B – Sinceramente, não olho para este jovem de hoje como olhava tempos atrás. Eu acho que boa parte deles é extremamente carente. Carente de afeto doméstico, carente de afeto na escola... Quando você chama um deles para conversar, ele já passou pela coordenação, a família já esteve na escola, já assinou termo de compromisso, chegou o momento de tomar um período maior de suspensão ou ser desligado da Escola. Às vezes, mudar de instituição é um recomeço. Ele já fez tanta propaganda negativa de si que fica muito difícil reconstituir os laços. Felizmente, o desligamento do aluno acontece raramente. Mas fazendo esta análise comparativa, eu diria que antes as conversas eram rápidas, extremamente objetivas, e naquela época funcionava bem, e as punições também eram bem objetivas. Hoje somos mais subjetivos, escutamos mais; e o aluno, quando chega, não discute só aquele problema, se você perguntar muita coisa, desencadeiam-se as relações pessoais, com a família...   

I – No que o aluno do Santa Cecília se diferencia, na sua opinião?

B – Grande parte dos alunos que chega hoje à Escola toma como referência outros que já passaram por aqui. Ele já vem com referências afetivas. É fácil descobrir que o Santa Cecília é uma escola diferente. Além de ser pedagogicamente muito boa, a formação é muito consistente e este acompanhamento vai até o 3º ano do Ensino Médio. É fácil trabalhar aqui.   

I – Os seus dois filhos estudaram aqui. Como era essa convivência no ambiente de trabalho?

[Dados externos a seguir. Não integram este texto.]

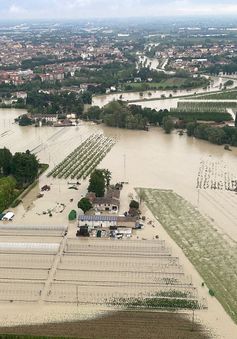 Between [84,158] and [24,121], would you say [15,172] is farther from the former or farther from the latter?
[24,121]

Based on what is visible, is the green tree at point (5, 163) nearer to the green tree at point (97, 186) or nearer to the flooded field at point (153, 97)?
the green tree at point (97, 186)

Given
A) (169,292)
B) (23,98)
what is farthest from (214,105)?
(169,292)

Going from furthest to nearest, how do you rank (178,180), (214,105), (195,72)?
(195,72)
(214,105)
(178,180)

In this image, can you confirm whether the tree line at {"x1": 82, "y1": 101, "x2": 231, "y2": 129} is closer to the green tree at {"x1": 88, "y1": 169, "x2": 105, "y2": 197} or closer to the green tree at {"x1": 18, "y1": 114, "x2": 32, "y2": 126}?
the green tree at {"x1": 18, "y1": 114, "x2": 32, "y2": 126}

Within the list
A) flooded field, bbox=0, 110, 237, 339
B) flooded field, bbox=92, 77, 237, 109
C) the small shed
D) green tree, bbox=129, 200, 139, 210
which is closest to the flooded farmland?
flooded field, bbox=0, 110, 237, 339

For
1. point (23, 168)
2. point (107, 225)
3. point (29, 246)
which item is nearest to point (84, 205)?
point (107, 225)

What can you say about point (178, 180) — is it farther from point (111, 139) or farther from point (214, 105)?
point (214, 105) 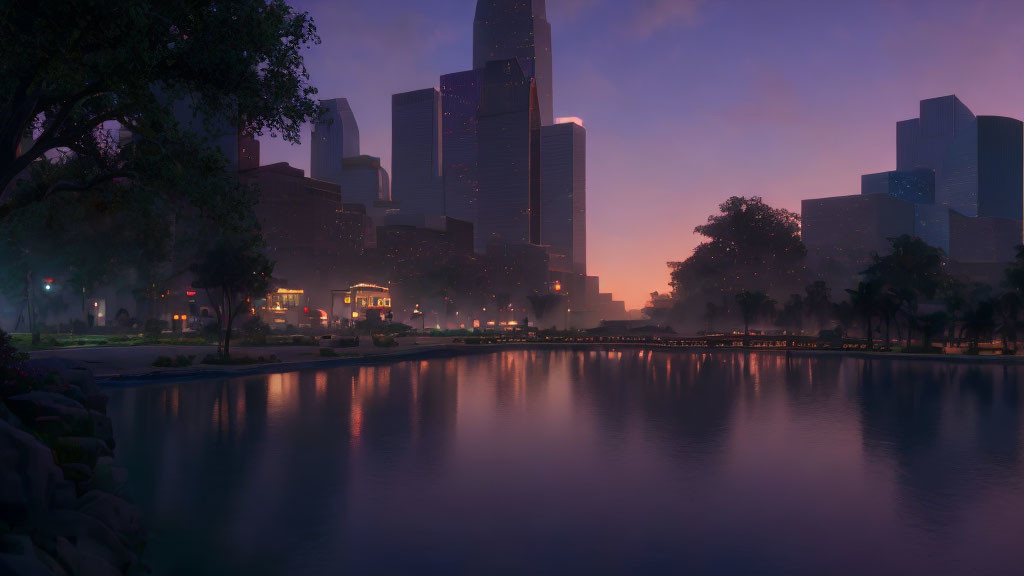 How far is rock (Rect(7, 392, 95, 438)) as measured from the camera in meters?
10.8

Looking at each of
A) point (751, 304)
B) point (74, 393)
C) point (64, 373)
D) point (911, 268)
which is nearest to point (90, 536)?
point (74, 393)

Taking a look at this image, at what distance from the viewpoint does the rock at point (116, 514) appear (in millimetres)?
8500

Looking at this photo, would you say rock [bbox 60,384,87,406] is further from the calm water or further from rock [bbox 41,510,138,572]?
rock [bbox 41,510,138,572]

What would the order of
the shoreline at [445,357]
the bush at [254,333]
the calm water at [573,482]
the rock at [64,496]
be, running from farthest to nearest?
the bush at [254,333] → the shoreline at [445,357] → the calm water at [573,482] → the rock at [64,496]

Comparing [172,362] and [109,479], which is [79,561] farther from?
[172,362]

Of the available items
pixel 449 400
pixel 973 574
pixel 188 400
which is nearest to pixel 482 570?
pixel 973 574

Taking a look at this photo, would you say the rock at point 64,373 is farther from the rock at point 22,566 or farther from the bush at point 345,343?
the bush at point 345,343

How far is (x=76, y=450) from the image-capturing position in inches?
405

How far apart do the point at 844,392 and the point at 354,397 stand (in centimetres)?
2067

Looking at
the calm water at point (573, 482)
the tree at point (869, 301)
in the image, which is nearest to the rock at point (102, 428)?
the calm water at point (573, 482)

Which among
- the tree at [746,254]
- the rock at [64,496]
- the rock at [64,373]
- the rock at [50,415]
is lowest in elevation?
the rock at [64,496]

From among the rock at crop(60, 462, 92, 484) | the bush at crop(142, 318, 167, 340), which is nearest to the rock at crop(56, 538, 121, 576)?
the rock at crop(60, 462, 92, 484)

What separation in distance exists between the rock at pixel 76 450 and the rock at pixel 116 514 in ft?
5.09

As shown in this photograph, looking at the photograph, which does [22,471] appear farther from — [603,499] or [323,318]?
[323,318] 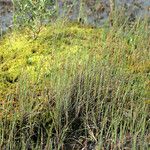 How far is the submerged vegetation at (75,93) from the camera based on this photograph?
14.9ft

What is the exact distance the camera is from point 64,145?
4.65 meters

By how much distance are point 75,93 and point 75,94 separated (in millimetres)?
13

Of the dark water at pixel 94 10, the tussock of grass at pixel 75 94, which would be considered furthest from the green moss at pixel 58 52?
the dark water at pixel 94 10

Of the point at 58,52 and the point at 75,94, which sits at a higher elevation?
the point at 58,52

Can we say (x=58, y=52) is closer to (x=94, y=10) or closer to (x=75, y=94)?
(x=75, y=94)

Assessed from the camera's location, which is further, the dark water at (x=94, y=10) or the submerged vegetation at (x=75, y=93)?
the dark water at (x=94, y=10)

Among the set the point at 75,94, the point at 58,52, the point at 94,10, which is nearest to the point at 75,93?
the point at 75,94

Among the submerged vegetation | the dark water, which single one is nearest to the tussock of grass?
the submerged vegetation

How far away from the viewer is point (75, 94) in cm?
502

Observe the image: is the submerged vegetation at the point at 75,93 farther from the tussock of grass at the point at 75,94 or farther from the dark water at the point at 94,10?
the dark water at the point at 94,10

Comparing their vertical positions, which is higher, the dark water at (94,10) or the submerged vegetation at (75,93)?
the dark water at (94,10)

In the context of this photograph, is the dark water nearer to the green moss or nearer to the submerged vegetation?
the green moss

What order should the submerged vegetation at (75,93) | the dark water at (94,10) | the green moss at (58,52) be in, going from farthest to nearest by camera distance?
the dark water at (94,10) < the green moss at (58,52) < the submerged vegetation at (75,93)

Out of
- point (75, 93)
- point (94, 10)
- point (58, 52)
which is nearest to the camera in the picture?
point (75, 93) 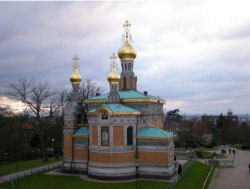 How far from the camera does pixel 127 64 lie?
28.4 metres

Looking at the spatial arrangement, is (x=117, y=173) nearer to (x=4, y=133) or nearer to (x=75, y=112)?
(x=75, y=112)

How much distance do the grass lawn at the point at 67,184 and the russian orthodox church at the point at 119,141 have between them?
1224 mm

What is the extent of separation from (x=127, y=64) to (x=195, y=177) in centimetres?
1274

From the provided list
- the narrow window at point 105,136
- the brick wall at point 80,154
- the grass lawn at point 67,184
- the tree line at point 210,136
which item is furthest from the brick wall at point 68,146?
the tree line at point 210,136

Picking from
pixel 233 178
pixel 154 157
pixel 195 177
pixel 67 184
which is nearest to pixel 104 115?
pixel 154 157

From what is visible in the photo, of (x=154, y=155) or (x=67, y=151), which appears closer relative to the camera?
(x=154, y=155)

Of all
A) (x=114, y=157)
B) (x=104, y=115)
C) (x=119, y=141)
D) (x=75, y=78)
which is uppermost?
(x=75, y=78)

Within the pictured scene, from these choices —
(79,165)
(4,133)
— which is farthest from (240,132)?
(4,133)

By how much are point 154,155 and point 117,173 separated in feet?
11.2

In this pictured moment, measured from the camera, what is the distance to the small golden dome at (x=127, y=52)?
27.8 meters

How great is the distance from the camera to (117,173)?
73.4 feet

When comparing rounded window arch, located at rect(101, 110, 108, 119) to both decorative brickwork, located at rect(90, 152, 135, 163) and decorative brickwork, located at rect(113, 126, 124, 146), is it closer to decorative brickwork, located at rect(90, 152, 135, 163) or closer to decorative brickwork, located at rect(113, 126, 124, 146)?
decorative brickwork, located at rect(113, 126, 124, 146)

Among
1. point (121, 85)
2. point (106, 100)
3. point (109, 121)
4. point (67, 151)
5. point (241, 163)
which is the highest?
point (121, 85)

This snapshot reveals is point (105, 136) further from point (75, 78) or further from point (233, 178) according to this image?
point (233, 178) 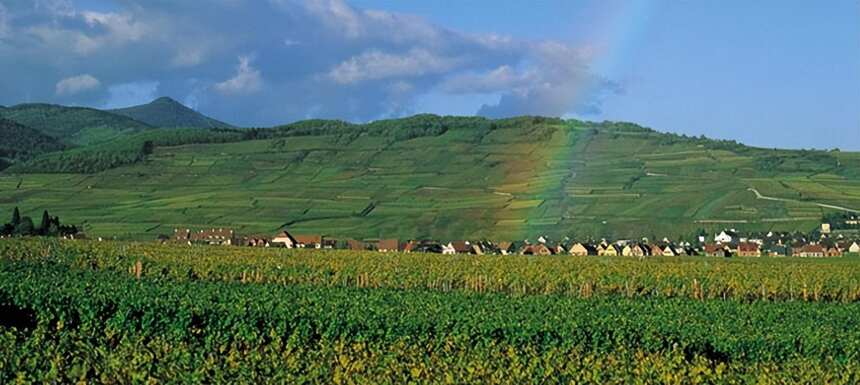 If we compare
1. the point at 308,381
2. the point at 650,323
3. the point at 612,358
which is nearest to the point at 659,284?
the point at 650,323

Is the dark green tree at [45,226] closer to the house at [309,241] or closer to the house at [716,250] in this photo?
the house at [309,241]

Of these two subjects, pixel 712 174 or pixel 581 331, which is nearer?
pixel 581 331

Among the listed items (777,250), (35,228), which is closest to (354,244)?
(35,228)

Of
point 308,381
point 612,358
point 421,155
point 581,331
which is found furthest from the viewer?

B – Eles eram e são dois filhos maravilhosos. O Bruno hoje é professor no Curso de Odontologia da Universidade Federal do Ceará e atende em consultório, além de ser um bom atleta; e o Davi é advogado de um grupo multinacional. Os dois eram estudantes como outros quaisquer e eram tratados não pelo pai, mas pelo coordenador com o mesmo rigor que eu tratava os outros. Não teve benesses para nenhum deles. Eu sou muito família, e os momentos de intimidade são muito bons, ainda mais agora que tenho três netos – Marina, João e Elisa – nem se fala (risos). O ideal seria que sempre estivéssemos juntos nos finais de semana, mas, como cada um tem a sua vida, fica difícil. Mas nos reunimos na Praia do Morro Branco, e nesse dia só falto colocar uma placa na porta lá de casa: “família reunida, não perturbe”. 

I – Nesses 40 anos, o que você faria de diferente?

B – Eu acho que as coisas aconteceram no seu tempo, como deveriam acontecer. A única coisa  de que me arrependo é não ter aprendido a tocar violão. Minha mãe me dizia: “Se você tivesse aprendido a tocar, talvez hoje fosse um cantor frustrado ou alguém da mídia (risos)”.

I – Como vai a vida hoje?

B – Muito boa. Acredito nas pessoas de um modo geral. E não penso em parar de trabalhar, embora já tenha me aposentado. Enquanto eu for útil a esta instituição a qual dediquei 39 anos da minha vida, estarei aqui, porque ela me é útil. Eu me sinto muito bem no Santa Cecília. Mesmo atravessando um problema de saúde, fugi do protocolo médico e voltei a trabalhar. Nada melhor do que se sentir útil. O livro da minha vida já está escrito. Cada vez que converso com alguém é mais um capítulo finalizado. É um livro de passagem de costumes.